Segment Open
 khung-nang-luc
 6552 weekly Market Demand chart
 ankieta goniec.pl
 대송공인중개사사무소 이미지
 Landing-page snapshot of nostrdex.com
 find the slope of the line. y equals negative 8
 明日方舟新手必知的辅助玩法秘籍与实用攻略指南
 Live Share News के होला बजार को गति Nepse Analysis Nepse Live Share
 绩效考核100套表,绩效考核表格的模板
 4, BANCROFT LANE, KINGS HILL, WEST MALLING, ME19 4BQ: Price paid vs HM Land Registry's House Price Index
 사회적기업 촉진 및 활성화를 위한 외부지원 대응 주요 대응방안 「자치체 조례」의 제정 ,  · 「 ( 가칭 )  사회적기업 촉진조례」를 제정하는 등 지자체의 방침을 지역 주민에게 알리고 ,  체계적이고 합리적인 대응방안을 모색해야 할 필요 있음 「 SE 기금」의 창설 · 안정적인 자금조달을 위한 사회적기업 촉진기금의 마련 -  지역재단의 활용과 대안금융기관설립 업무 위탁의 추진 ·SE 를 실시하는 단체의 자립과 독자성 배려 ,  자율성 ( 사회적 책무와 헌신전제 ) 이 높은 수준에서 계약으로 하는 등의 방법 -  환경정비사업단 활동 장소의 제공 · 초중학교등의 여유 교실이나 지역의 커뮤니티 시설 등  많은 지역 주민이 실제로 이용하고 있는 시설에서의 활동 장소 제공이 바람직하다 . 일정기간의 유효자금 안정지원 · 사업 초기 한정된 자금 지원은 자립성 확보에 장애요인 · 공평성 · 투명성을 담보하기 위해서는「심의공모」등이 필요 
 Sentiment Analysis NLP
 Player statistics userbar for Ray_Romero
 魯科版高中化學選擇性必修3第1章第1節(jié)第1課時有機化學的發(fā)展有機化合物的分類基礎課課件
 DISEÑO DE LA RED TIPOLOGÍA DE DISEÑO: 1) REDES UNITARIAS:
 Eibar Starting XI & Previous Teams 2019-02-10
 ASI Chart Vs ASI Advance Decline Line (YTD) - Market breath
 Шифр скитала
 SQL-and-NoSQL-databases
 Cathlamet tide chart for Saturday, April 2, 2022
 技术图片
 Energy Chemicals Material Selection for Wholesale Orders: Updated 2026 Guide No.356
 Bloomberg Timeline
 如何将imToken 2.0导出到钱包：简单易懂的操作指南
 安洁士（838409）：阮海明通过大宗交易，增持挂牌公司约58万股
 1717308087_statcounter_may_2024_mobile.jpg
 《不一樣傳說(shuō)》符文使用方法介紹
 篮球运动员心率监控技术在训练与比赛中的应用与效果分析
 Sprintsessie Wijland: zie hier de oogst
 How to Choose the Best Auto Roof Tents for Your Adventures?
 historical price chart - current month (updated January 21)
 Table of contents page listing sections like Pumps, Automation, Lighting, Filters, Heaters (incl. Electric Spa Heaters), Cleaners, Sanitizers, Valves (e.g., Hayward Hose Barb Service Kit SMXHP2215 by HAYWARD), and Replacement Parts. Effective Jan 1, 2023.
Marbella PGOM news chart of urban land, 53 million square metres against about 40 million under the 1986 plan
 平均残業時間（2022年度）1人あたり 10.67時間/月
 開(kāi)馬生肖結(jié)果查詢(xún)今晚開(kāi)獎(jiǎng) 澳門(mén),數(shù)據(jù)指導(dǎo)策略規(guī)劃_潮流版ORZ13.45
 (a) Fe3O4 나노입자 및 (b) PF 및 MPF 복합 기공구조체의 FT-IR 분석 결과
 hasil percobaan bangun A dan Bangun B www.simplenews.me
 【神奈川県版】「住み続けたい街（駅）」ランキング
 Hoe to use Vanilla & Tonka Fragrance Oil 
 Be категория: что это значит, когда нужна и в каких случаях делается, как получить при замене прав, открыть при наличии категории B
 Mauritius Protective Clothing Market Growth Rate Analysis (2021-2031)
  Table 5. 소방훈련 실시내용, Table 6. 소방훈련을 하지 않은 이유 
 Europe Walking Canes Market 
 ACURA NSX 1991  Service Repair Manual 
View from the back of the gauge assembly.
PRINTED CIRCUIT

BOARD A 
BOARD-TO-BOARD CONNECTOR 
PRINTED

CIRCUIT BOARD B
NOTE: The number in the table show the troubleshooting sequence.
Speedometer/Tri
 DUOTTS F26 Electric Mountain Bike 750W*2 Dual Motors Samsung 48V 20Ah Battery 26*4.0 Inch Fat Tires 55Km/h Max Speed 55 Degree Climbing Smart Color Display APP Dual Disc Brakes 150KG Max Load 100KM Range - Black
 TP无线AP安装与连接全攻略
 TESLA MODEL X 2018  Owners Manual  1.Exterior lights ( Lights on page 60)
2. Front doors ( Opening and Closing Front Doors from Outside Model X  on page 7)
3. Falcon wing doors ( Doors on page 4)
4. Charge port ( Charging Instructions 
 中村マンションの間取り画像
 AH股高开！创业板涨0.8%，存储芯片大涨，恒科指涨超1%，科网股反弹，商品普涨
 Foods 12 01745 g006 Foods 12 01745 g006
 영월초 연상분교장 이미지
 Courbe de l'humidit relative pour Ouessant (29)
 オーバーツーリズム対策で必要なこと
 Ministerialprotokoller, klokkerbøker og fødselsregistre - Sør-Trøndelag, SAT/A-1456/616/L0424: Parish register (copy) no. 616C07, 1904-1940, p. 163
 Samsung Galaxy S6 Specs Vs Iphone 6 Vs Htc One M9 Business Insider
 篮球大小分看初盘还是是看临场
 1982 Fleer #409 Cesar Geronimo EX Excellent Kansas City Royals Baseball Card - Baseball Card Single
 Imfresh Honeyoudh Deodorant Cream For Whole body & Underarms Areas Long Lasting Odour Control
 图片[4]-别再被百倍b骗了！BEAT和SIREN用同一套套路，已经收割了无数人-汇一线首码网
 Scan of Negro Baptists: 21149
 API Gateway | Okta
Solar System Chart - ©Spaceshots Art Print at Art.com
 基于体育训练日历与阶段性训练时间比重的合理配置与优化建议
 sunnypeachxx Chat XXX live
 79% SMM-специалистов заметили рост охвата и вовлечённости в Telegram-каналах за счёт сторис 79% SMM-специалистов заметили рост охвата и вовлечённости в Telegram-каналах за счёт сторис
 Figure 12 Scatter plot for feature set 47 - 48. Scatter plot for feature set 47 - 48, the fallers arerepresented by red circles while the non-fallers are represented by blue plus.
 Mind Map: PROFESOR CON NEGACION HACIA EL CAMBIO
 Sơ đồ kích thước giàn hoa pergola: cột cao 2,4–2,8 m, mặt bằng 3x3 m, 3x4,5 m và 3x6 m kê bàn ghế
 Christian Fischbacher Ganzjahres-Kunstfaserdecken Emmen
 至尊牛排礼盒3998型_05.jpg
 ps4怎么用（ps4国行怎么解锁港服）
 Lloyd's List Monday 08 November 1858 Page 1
Segment Closed
» Exercise instructions
Which lines of the material contain the string "Analysis"? List each of them.

» Result
 Live Share News के होला बजार को गति Nepse Analysis Nepse Live Share
 Sentiment Analysis NLP
 Mauritius Protective Clothing Market Growth Rate Analysis (2021-2031)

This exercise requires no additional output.